## Exercise
Restate, exactly as written, the entries below from the line that holds "Event reporting can" through the line that holds "Nodes are for, for". Pictures are not part of the copy.

## Data shown

□ □ □ □ □

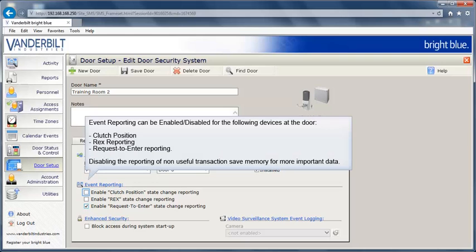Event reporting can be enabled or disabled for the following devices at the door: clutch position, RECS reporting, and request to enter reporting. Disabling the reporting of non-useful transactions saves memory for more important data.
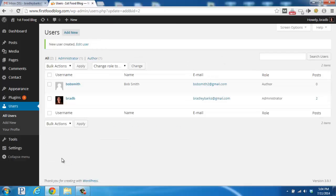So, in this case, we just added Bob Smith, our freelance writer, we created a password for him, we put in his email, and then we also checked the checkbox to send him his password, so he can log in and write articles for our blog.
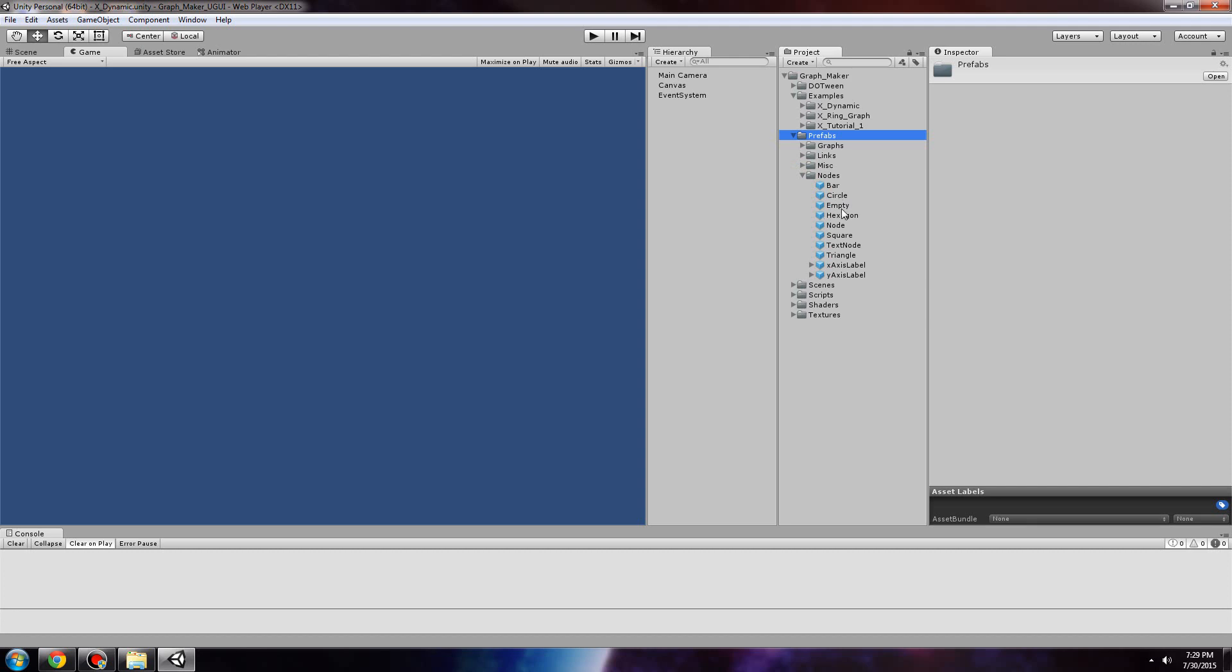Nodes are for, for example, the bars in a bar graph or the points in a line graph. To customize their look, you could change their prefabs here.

□ □ □ □ □

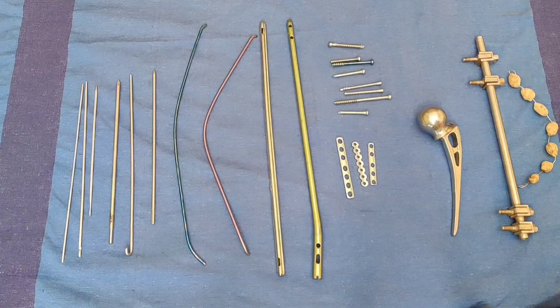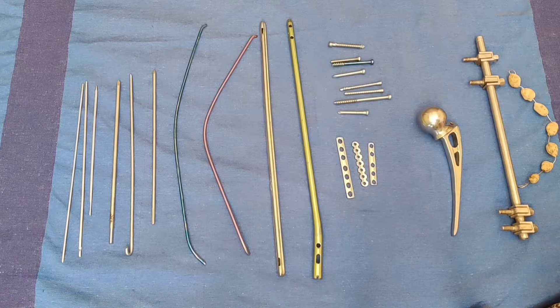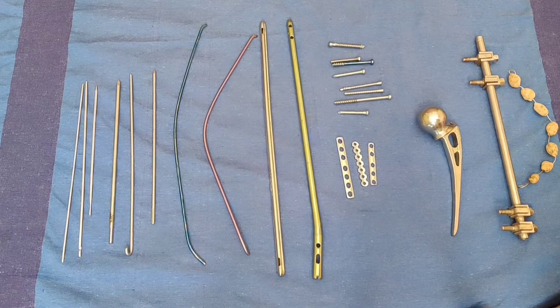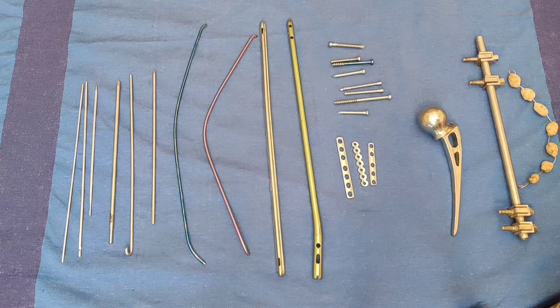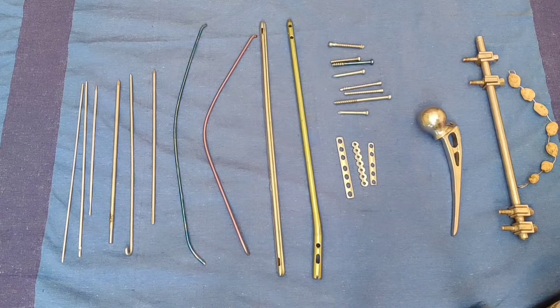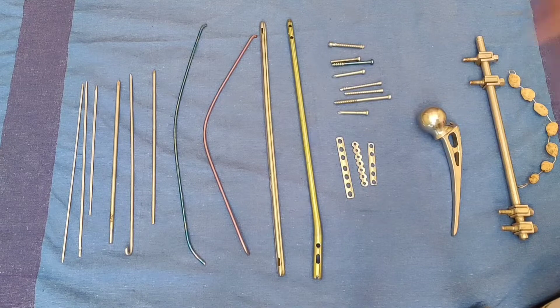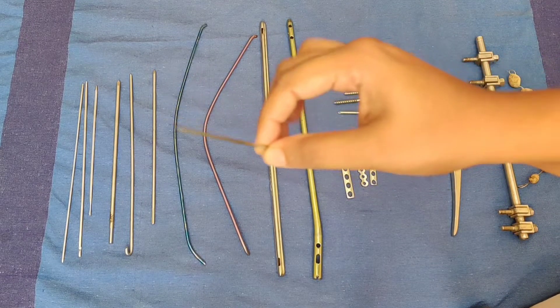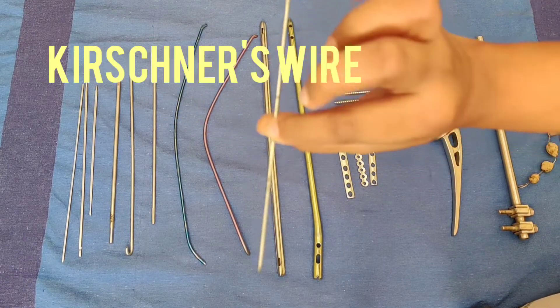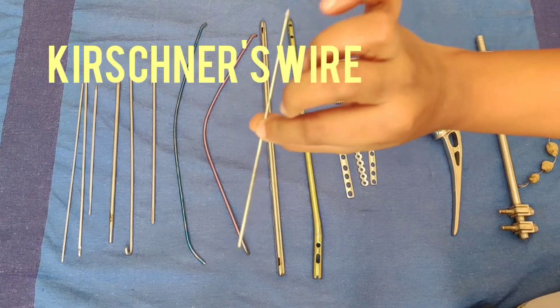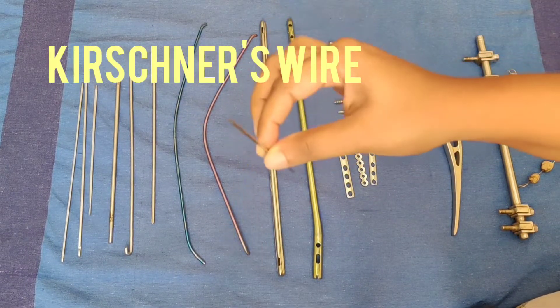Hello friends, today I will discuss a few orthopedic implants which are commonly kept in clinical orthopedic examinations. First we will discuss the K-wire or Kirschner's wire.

□ □ □ □ □

## Output of the exercise
Event reporting can be enabled or disabled for the following devices at the door: clutch position, RECS reporting, and request to enter reporting. Disabling the reporting of non-useful transactions saves memory for more important data.
So, in this case, we just added Bob Smith, our freelance writer, we created a password for him, we put in his email, and then we also checked the checkbox to send him his password, so he can log in and write articles for our blog.
Nodes are for, for example, the bars in a bar graph or the points in a line graph. To customize their look, you could change their prefabs here.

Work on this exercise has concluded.